In the end, the new bridge at Westminster took more than 11 years to complete.
3. Westminster Bridge: artists' muse
The first Westminster Bridge was designed by young Swiss engineer, Charles Labelye and was rather beautiful.
It has been immortalised in pictures by Canaletto, Samuel Scott, Antonio Jolli and JMW Turner.
It's also the title of an 1802 William Wordsworth sonnet, Upon Westminster Bridge, although we should note that Bill was writing about what he could see from the bridge, not about the bridge itself.
4. It used to be a bit dodgy
The first Westminster Bridge featured semi-octagonal turrets at intervals along the crossing to provide shelter for pedestrians.
But these cloistered cubby-holes soon became haunts for vagabonds, muggers and prostitutes.
In the end, 12 nightwatchmen had to be hired to guard travellers as they crossed the river.
5. It's central London's oldest surviving road bridge
The bridge that crosses the Thames between Westminster Palace and Lambeth today was designed by engineer Thomas Page. An interesting fellow, responsible for the first Chelsea Bridge among others, Page also put forward an idea for a submerged tube to act as a tunnel between England and France back in 1870.
This version of Westminster Bridge opened in 1862, making it the oldest surviving road bridge across the Thames in central London.
6. It opened on Queen Victoria's birthday; but she wasn't there
The modern Westminster Bridge opened on Queen Victoria's 43rd birthday, 24 May 1862.
Queen Vic was booked to perform the opening ceremony; but when the time came, she was in prolonged mourning for Prince Albert, who'd died the previous December. The rather subdued opening ceremony took place without her.
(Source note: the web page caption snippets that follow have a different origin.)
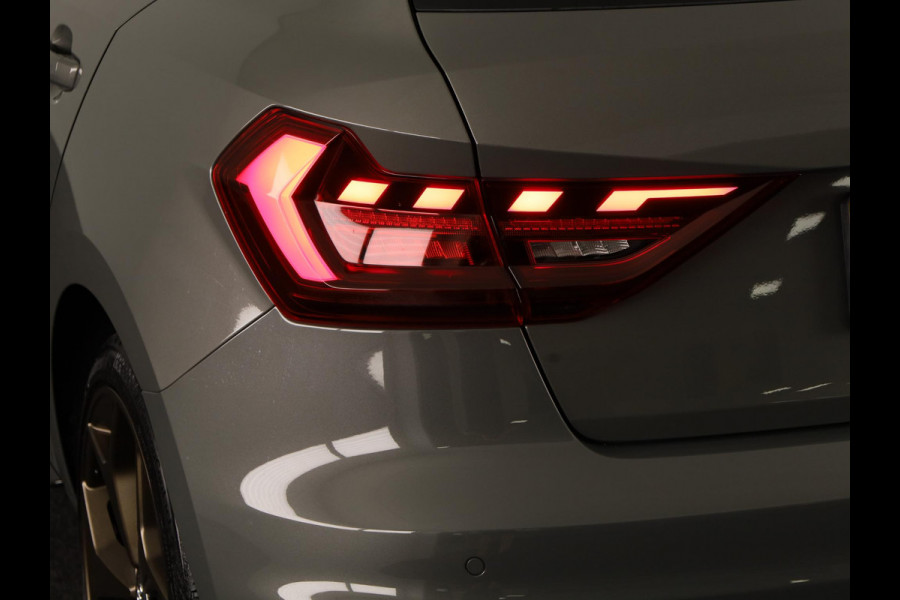 Audi A1 Sportback 40 TFSI edition one 200pk | Automaat | Schuifdak | B&O | Stoelverwarming | ACC | S line | Keyless
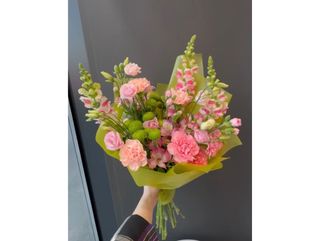 Lime Blush Bloom - Buchet roz cu garoafe, lisianthus si flori verzi – aranjament floral vesel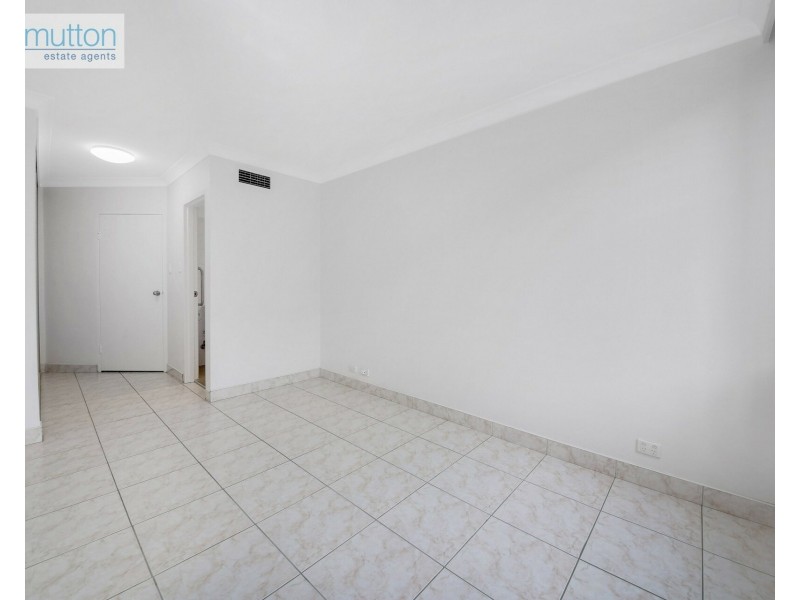 Unit 2/7 Mead Dr, Chipping Norton NSW 2170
7. It has the most spans of all London's Thames bridges
Westminster Bridge is 252m long and 26m wide.
It's an arch bridge with seven iron-ribbed elliptical spans; the most spans of any of the Thames bridges.
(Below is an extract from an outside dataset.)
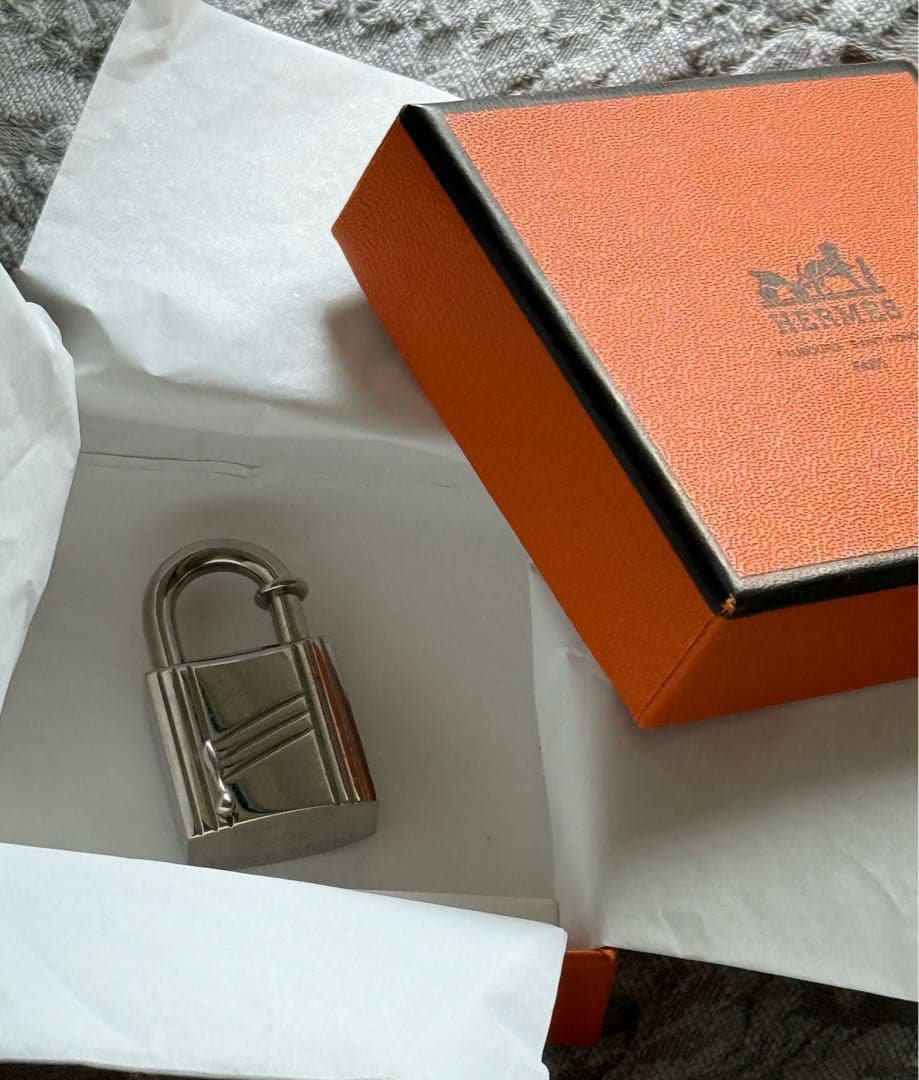 HERMES カデナ 1998『樹液』オレンジ箱付き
8. It's painted green for a reason
Westminster Bridge was painted green in 1970 to match the seats in the House of Commons, the part of the Palace of Westminster closest to the bridge.
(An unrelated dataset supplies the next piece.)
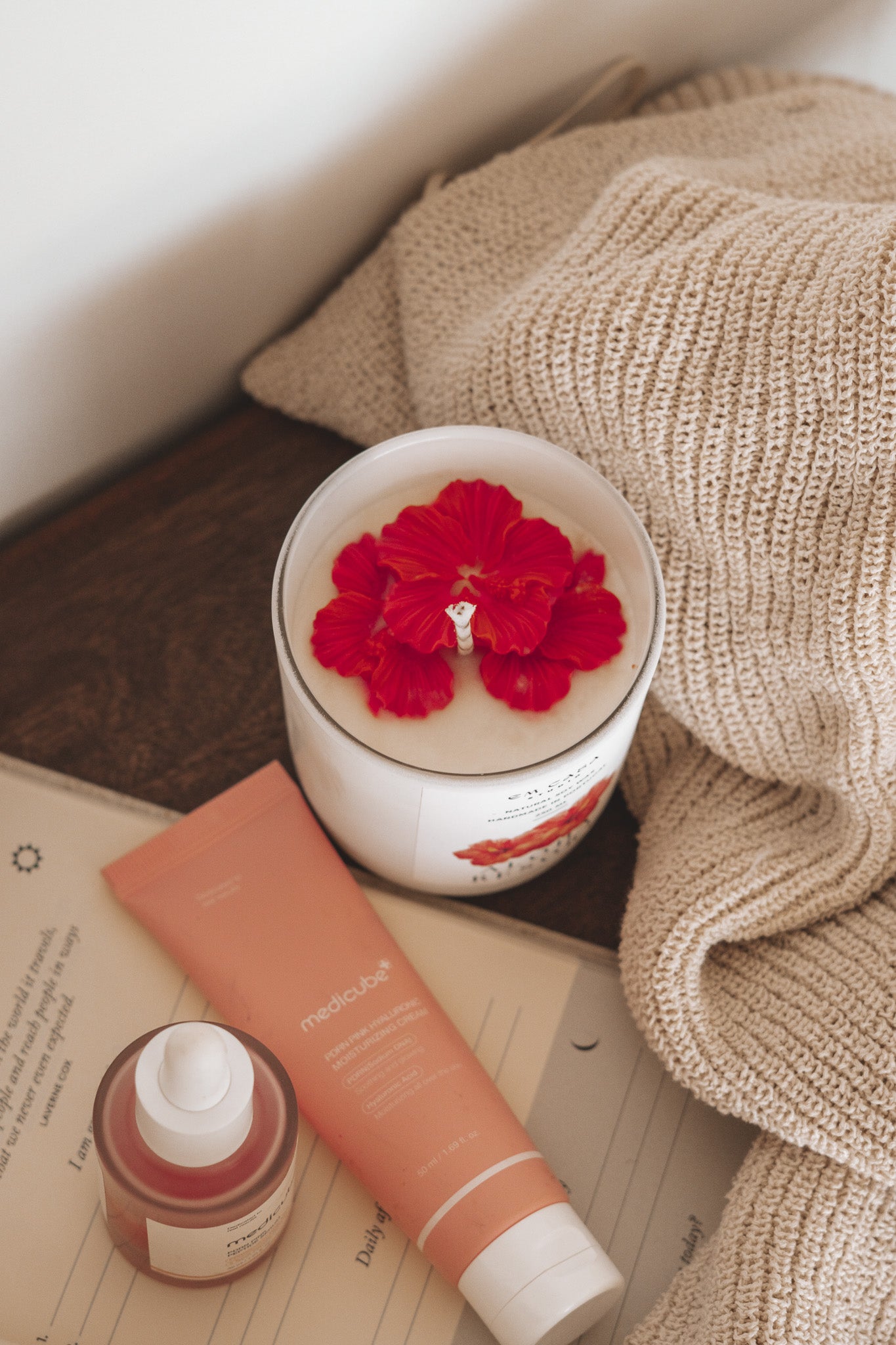 ALOHA RESORT CANDLE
Lambeth Bridge, further upstream, is painted red to match the colour scheme in the House of Lords.
9. It features an astonishing architectural joke
Under the right conditions at certain times of the year, Westminster Bridge reveals its most chucklesome secret.
When the sun shines at around 1pm on certain days, the beautiful trefoil cut-outs do a little reverse shadow play: the two lower 'leaves' keep their shape, while the top one str-e-t-c-h-e-s out a little into one of the best (unintentional?) architectural jokes the city has ever known:
We have no idea if the designers behind the ornate fascias knew what they were doing (could they have known? Really?), but we hope once the sunny schlongs revealed themselves, Charles Barry and co simply nodded and smirked along with the rest of us.
Some websites claim the, ahem, cock-up is a recent thing: but older pictures of Westminster Bridge show the same trefoil shapes, so presumably the sexy shadows appeared just as regularly in the days before internet memes made them immortal...
10. It includes some very lovely lamps
Now you've stopped sniggering about the glowing meat and two veg, it's time to turn your attention to the beautiful lamps on Westminster Bridge.
The ornate, octagonal lanterns are quite beautiful. Grouped in threes, their Gothic design is by Charles Barry, a nod to the architectural style of the palace at the end of the bridge, built around the same time.
Check out the entwined V&A in the centre, for Victoria and Albert.
Refurbished by TfL between 2005 and 2007, the lanterns spruced up, repainted, touched up with gold leaf, and treated with 'verdigris', a chemical with a greenish-blue pigment, matching the original hue of the lamps.
11. The bridge has starred in both Bond and Doctor Who
Westminster Bridge is used in a couple of Bond films (Spectre, Die Another Day); and in several Doctor Who episodes, including The Dalek Invasion of Earth in 1964.
You can also spot the bridge in Mission Impossible — Rogue Nation, 101 Dalmatians, and Wimbledon.
Perhaps, most famously, an eerily deserted Westminster Bridge kicks off the mounting sense of terror in 2002 British horror film 28 Days Later.